After the smoke, or oxides of nitrogen, cleared last week, after the TV networks moved on and after Volkswagen Group finished cleaning house, one question lingered in the polluted air: How?
How had a peerless automotive organization known for setting outrageous goals -- then exceeding them -- slipped so low?
How could CEO Martin Winterkorn, known as a quality fanatic, have been unaware of such an egregious lapse in quality control?
How was Volkswagen -- the great collector of brands, the great acquirer of talent, the great symbol of German engineering proficiency -- suddenly the perpetrator of what former Renault boss Louis Schweitzer called the greatest fraud in the industry's history?
The answers might be as complex as the software used to corrupt those 11 million VW vehicles.
Maybe Volkswagen's plunge into the moral abyss was the work of a rogue engineer, or team of engineers, who went out of bounds and gamed the system.
Or perhaps it was a pressure to perform when global platforms are bigger, deadlines tighter, stakes higher.
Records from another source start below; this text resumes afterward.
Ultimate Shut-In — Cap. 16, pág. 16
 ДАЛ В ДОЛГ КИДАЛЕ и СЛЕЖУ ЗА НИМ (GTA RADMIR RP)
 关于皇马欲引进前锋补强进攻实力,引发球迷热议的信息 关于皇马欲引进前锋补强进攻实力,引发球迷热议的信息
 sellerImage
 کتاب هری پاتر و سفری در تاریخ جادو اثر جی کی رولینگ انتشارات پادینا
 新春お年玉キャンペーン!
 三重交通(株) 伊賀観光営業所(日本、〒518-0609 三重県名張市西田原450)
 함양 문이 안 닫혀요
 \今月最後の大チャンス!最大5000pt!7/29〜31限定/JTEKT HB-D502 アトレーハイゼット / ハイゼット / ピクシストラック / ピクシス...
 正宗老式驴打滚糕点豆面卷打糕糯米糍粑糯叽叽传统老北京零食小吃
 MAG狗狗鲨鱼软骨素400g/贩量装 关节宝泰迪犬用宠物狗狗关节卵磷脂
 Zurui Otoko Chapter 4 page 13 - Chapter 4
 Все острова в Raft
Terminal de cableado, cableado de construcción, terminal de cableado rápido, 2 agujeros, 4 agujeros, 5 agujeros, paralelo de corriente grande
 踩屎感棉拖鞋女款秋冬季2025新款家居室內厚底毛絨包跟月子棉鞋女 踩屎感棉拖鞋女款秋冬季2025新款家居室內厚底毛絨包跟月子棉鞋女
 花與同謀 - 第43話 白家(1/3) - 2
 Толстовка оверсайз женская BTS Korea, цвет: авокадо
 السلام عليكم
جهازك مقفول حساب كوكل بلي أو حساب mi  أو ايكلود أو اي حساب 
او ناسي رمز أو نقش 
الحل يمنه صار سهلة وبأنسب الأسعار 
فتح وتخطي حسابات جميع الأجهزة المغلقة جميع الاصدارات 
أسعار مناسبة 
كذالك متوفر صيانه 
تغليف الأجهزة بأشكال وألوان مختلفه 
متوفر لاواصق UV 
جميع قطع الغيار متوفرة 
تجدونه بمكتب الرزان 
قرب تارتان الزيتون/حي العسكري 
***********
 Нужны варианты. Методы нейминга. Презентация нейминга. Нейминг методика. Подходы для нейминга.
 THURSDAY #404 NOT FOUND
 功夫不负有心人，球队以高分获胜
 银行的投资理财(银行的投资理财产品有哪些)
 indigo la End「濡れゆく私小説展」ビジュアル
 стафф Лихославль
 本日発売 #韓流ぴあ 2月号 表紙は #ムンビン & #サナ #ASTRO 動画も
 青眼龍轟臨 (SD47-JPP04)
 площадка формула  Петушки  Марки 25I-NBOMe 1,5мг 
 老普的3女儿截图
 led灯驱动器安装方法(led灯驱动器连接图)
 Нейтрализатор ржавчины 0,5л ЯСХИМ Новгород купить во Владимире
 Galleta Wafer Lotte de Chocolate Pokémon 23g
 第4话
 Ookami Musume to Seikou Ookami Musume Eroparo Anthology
In the race to satisfy emissions regulations, cut weight and meet huge targets, cutting a corner is tempting when the culture doesn't permit failure. The "fraudware" (as one colleague coined it last week) becomes the ultimate work-around: An engineering team realizes the program won't make the cut, but with the product gate closing, the team opts for a temporary "just-fix-it" solution hoping no one will ever notice.
Or maybe it's simpler. Maybe, in the quest for No. 1, the pursuit claims another.
VW's push to be the world's top automaker -- a position rife with peril, as General Motors and Toyota can attest -- was so strong, so intense that Winterkorn, a former soccer goalie, was relentless (and VW became reckless).
His goal of overtaking Toyota Motor Corp. as the world's No. 1 carmaker resulted in unachievable goals, even for VW: tripling U.S. market share using an American-built car (the Passat) so anonymous it couldn't possibly have been a VW and a marketing plan to separate itself from Toyota -- clean diesels. Gulp.
And who would argue?
In the cult-of-personality environment stretching from former Chairman Ferdinand Piech to Winterkorn, admitting failure in any program, at any level, became taboo.
That created a culture that pressured workers to bend the rules to meet goals, run faster and work harder.
Is that how? Likely.
Or maybe the answer is Wolfsburg itself.
As a reporter in Germany 10 years ago, I saw firsthand how the small headquarters town near the former East Germany breeds insularity. It was obvious from the first trip through the city gates.
The Volkswagen soccer arena sat near the VW factory where currywurst sausage was proudly cooked by employees in VW attire.
There were VW cabs, VW museums and a VW experience center where VW customers could pick up their VW cars after a night at the VW-owned Ritz-Carlton.
You couldn't help but drink the VW water, because it was VW water.
Executives who joined VW from another company abhorred the idea of living in Wolfsburg; they opted instead for Berlin, an hour to the east.
More to the point, you couldn't tell anyone in Wolfsburg that there was another way to make a car; they simply knew better.
But we do know that model cracked last week. And some of the same elements that created that VW air of engineering superiority somehow ended up ripping it apart.